A popular right-wing news outlet has removed a story from its website that was critical of a U.S. Senate candidate whose campaign is paying the site’s owner.
The site, Big League Politics, published a story on this month based on a video of Republican Arizona senate candidate Kelli Ward singing karaoke at a bar in Lake Havasu, Arizona. The story was headlined “U.S. Senate Candidate from Arizona Filmed Rapping While Drunk at Swingers Bar,” and asked, “Do we want to send this act to D.C.?”
That story no longer appears on BLP’s website, and its web address redirects to the site’s homepage. Web archive data indicates it was removed within a day of its publication.

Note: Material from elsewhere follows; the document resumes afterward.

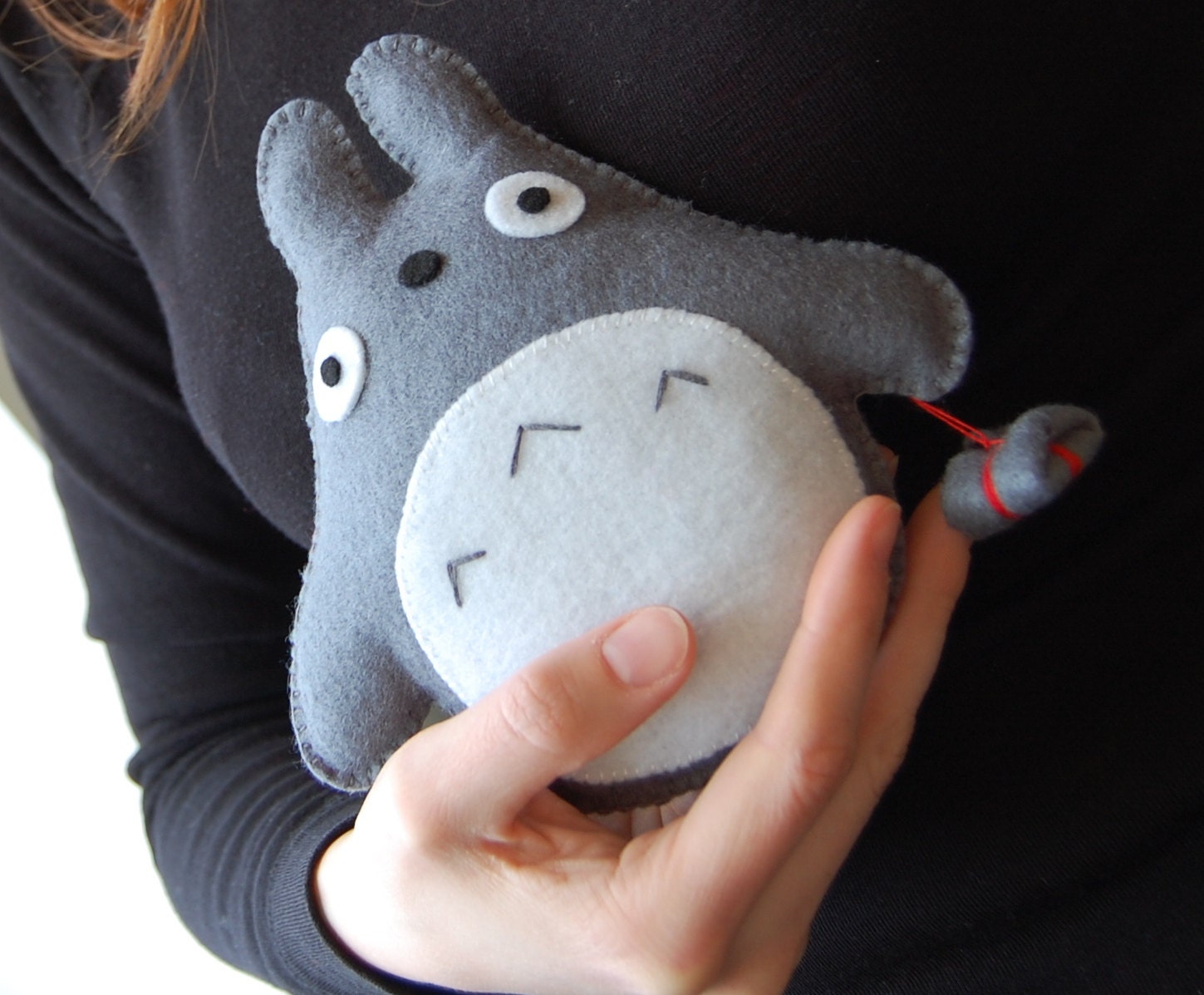 Handmade Totoro with a bundle unique gift for Totoro fans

Peter D’Abrosca, the story’s author, said the piece was removed from the site because it didn’t comport with its editorial standards.
“Once we learned the video was produced ham handedly by a consultant with a personal vendetta against Kelli Ward and included baseless claims against her we did something the Daily Beast rarely does—we got the story write [sic],” D’Abrosca told The Daily Beast. He declined to name the consultant.

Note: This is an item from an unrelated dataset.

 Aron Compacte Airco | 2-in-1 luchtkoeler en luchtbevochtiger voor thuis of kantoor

But the story also fell smack dab in the middle of a web of political dealings that have complicated the sites editorial posture in recent months.
BLP’s owner, Mustard Seed Media, is a consulting firm run by Republican operative Reilly O’Neal. The Ward campaign has paid two of O’Neal’s other companies, email vendor Rightside Lists and fundraising firm Capital Square Funding Group, about $108,000 this year in fundraising commissions and email revenue-sharing fees.

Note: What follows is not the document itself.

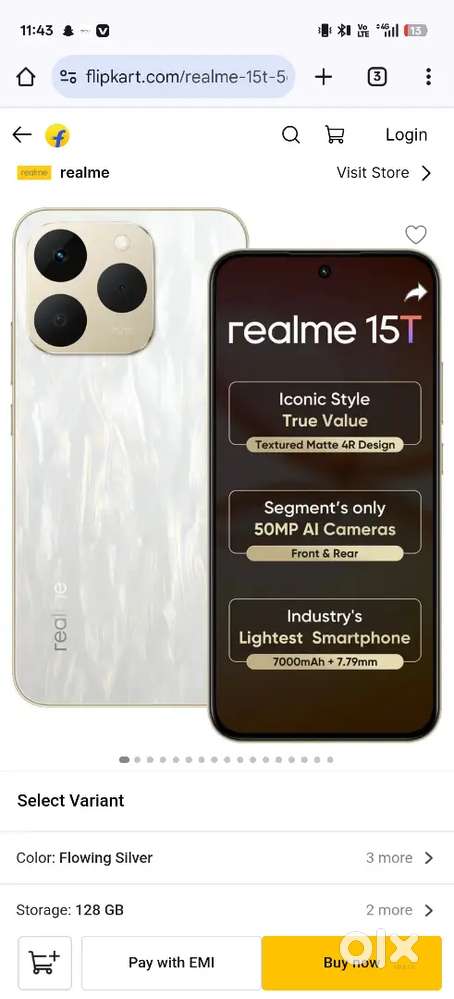 Realme 15t 8 128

Indeed, BLP’s history is uniquely entwined with the fight over the U.S. Senate nomination in Arizona. The site was founded in early 2017 by Dustin Stockton, a conservative activist who was an early senior official on the Ward campaign. But Stockton and his girlfriend, fellow Ward staffer Jennifer Lawrence, had a falling out with Ward and her husband, and Stockton and Lawrence publicly disavowed their former employer before joining the campaign of former Maricopa County sheriff Joe Arpaio, who is running against Ward for the Republican Senate nomination.
Alerted to BLP’s deletion of the Ward story, Stockton laid into the site he once led. “It’s pathetic that a project that I designed to be a journalistic endeavor has become just another tool of the consulting class,” he told The Daily Beast in an email. “They should change their name to bush league politics, that is more accurate.”
Mustard Seed acquired BLP after the special election for U.S. Senate in Alabama late last year. In that campaign, the losing candidate, former Republican state supreme court justice Roy Moore, paid O’Neal’s companies nearly $1 million. Moore’s Twitter account, with its roughly 75,000 followers, was subsequently rebranded as the official BLP account.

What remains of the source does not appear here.